PARK2

The PARK2 gene, one of the largest human genes, provides instructions for making a protein called parkin. Parkin plays a role in the cell machinery that breaks down (degrades) unwanted proteins by tagging damaged and excess proteins with molecules called ubiquitin. Ubiquitin serves as a signal to move unwanted proteins into specialized cell structures known as proteasomes, where the proteins are degraded. The ubiquitin-proteasome system acts as the cell's quality control system by disposing of damaged, misshapen, and excess proteins. This system also regulates the level of proteins involved in several critical cell activities such as the timing of cell division and growth. Because of its activity in the ubiquitin-proteasome system, parkin belongs to a protein group called E3 protein-ubiquitin ligases.

Studies of the structure and activity of parkin have led researchers to suggest other activities for this protein. Parkin may act as a tumor suppressor protein, which means it prevents cells from growing and dividing too rapidly or in an uncontrolled way. Parkin may also regulate the supply and release of sacs, called synaptic vesicles, from nerve cells. Synaptic vesicles contain chemical messengers that transmit signals from one nerve cell to another.

Parkinson disease - caused by mutations in the PARK2 gene

Researchers have identified more than 100 PARK2 mutations that cause juvenile Parkinson disease and some adult-onset cases. Some mutations lead to an abnormally small parkin protein, which is nonfunctional and degrades rapidly. Other mutations change the building blocks (amino acids) used to make parkin, and the altered protein cannot function properly. PARK2 mutations usually lead to a loss of parkin activity.
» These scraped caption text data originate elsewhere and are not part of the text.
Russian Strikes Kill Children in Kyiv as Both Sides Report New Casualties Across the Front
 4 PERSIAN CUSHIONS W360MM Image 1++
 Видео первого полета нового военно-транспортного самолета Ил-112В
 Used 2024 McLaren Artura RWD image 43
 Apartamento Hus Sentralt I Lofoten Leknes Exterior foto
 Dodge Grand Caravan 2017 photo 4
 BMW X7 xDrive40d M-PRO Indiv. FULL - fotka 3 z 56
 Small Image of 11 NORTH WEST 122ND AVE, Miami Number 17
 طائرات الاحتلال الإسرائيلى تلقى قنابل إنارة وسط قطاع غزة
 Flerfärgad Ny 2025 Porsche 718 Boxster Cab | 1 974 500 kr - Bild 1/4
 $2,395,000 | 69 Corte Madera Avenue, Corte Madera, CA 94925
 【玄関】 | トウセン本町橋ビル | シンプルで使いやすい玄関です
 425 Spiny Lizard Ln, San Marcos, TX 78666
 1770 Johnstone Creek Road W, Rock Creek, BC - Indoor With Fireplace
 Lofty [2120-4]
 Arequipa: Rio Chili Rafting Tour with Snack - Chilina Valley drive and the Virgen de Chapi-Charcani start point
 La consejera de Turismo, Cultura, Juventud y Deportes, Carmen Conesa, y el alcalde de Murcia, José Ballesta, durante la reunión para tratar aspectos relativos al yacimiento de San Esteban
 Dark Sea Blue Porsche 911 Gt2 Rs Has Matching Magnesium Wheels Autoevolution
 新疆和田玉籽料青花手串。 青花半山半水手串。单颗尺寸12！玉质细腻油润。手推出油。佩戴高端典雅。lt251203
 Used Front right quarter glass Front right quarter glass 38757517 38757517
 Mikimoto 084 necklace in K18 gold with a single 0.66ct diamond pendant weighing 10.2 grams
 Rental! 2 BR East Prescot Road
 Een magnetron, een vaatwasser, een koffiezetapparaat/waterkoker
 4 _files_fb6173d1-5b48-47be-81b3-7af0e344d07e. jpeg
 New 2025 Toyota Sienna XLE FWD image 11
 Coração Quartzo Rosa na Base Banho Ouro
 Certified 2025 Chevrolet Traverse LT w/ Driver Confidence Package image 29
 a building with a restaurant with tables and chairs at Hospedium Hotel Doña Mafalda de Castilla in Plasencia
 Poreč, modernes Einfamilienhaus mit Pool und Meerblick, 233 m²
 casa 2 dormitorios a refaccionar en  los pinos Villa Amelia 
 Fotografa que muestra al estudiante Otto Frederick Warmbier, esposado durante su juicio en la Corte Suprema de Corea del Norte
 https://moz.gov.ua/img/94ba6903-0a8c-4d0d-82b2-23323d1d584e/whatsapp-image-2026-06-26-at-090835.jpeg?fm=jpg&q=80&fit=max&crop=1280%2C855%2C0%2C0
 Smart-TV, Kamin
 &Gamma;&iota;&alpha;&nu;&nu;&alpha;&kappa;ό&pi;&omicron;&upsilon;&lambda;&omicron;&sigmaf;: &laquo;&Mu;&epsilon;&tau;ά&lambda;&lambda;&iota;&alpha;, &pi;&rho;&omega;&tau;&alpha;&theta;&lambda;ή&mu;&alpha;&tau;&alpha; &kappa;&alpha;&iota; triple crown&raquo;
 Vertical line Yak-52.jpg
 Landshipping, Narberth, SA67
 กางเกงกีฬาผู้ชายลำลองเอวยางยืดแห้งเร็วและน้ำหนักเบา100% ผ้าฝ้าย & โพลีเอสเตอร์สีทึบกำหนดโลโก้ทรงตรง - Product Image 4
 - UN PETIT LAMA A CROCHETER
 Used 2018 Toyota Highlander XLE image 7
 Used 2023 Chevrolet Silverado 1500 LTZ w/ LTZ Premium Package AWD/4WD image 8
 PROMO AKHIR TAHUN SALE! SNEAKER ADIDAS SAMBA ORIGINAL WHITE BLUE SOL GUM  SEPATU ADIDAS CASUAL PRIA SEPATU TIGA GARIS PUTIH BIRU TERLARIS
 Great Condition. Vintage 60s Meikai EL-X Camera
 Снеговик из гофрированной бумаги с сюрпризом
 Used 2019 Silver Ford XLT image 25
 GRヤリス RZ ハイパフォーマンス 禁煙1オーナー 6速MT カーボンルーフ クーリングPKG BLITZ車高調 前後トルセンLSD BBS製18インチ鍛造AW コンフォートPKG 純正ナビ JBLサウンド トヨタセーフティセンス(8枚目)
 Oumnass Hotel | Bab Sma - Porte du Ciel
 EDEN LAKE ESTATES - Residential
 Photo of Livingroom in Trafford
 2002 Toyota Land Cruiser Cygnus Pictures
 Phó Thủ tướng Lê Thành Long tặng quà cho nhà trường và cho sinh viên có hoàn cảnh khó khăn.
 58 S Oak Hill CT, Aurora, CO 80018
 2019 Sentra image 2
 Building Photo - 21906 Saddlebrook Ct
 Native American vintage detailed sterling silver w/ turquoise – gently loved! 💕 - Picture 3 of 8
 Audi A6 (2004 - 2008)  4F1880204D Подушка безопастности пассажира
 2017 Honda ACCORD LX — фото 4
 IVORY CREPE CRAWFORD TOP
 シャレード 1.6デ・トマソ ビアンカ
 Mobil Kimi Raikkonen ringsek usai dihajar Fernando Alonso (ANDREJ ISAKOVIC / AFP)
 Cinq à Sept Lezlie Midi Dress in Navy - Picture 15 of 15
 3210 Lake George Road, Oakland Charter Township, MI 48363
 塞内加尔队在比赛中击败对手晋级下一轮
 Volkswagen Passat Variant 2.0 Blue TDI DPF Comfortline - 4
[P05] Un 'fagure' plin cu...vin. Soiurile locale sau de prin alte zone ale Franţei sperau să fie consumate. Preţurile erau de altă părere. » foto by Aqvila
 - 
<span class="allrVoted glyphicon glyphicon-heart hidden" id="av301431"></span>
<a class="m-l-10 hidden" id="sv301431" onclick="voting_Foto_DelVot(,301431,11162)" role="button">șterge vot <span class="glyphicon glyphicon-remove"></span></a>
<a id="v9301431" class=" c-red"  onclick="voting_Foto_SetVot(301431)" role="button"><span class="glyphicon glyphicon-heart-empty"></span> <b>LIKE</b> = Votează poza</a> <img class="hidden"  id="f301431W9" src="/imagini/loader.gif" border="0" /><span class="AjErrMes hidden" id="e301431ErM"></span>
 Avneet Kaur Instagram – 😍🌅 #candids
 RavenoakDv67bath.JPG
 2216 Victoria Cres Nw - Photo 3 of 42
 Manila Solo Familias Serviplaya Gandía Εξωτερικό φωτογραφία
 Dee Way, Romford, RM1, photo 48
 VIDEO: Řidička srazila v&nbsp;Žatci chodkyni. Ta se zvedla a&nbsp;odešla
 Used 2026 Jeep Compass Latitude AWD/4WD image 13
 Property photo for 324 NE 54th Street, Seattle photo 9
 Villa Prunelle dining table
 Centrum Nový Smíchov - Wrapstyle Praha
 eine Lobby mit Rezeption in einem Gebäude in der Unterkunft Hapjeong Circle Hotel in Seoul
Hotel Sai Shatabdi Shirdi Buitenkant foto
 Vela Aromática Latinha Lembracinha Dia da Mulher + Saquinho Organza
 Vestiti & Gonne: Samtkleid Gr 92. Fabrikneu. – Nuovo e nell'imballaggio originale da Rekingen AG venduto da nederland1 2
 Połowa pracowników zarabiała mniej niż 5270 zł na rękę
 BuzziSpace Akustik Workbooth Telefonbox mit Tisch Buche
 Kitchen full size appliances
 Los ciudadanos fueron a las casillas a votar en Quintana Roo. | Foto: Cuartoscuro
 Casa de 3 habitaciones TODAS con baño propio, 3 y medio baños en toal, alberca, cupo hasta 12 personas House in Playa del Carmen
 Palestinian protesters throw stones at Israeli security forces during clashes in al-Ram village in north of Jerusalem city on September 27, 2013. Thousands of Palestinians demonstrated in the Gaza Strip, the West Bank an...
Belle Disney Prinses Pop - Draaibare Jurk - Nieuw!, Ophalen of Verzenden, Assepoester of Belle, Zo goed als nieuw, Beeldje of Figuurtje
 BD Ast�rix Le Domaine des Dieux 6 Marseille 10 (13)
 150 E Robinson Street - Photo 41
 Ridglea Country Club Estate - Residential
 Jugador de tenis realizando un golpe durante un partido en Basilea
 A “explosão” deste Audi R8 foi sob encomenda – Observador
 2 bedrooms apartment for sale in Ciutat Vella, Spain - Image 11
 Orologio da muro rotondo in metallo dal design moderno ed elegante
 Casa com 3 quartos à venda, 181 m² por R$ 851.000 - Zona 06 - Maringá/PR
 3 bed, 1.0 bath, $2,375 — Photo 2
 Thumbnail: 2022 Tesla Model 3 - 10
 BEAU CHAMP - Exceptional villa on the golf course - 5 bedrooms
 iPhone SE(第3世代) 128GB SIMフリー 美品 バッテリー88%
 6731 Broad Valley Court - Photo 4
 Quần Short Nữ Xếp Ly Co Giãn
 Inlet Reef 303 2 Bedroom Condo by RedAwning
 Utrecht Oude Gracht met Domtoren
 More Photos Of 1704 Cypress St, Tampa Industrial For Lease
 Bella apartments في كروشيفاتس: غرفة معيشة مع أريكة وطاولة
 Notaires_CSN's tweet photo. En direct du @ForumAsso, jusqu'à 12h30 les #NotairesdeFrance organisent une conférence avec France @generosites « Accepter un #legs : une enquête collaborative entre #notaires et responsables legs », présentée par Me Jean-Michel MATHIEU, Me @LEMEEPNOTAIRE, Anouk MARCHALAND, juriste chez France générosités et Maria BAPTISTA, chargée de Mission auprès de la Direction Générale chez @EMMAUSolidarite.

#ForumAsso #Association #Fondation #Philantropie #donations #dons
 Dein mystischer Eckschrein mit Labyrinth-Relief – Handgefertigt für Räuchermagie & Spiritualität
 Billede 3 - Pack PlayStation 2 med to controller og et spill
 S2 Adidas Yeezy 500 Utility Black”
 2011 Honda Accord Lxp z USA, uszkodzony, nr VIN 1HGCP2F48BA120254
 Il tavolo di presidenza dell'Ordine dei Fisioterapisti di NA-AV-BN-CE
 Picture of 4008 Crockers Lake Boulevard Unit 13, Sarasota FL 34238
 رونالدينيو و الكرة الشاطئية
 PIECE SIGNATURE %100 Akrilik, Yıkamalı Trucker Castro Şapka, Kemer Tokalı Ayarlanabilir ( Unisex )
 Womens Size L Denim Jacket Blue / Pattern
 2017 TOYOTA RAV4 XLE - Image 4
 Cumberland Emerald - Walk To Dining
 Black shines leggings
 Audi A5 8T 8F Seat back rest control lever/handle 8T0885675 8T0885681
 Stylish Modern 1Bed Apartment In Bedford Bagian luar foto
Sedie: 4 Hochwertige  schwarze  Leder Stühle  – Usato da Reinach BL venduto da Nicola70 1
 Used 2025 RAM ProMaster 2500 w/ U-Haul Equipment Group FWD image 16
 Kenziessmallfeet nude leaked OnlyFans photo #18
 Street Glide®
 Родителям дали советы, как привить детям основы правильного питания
It is not clearly understood how PARK2 mutations cause Parkinson disease. The loss of parkin activity probably disturbs the ubiquitin-proteasome system, which allows unwanted proteins to accumulate. Accumulated proteins could disrupt normal cell activities such as the supply and release of synaptic vesicles, particularly those that contain a chemical messenger called dopamine. As parkin is normally abundant in the brain, its loss could lead to the impairment or death of nerve cells, including those that produce dopamine. Loss of dopamine-producing nerve cells is a characteristic feature of Parkinson disease.

cancers - associated with the PARK2 gene

The PARK2 gene spans part of a fragile area (known as FRA6E) on chromosome 6. This fragile area is unstable and prone to breakage and rearrangement. In tumors from some patients with ovarian or lung cancer, segments of the PARK2 gene within the FRA6E region are deleted or duplicated. As a result of these alterations, parkin activity is absent or reduced. These findings suggest that the PARK2 gene normally acts as a tumor suppressor gene, by restraining cell division and growth. If it is altered, cells can grow and divide in an uncontrolled manner, leading to a tumor.

other disorders - increased risk from variations of the PARK2 gene

Recent studies suggest that normal variations (polymorphisms) in the PARK2 gene (and a neighboring gene called PACRG) can increase the risk of contracting leprosy. Leprosy is a disease that affects the nerves and skin and is caused by the bacterium Mycobacterium leprae. It remains unclear how PARK2 polymorphisms increase leprosy susceptibility. Researchers believe that the ubiquitin-proteasome system may play a role in controlling infection. PARK2 polymorphisms may slightly alter parkin's function, making the ubiquitin-proteasome system less efficient.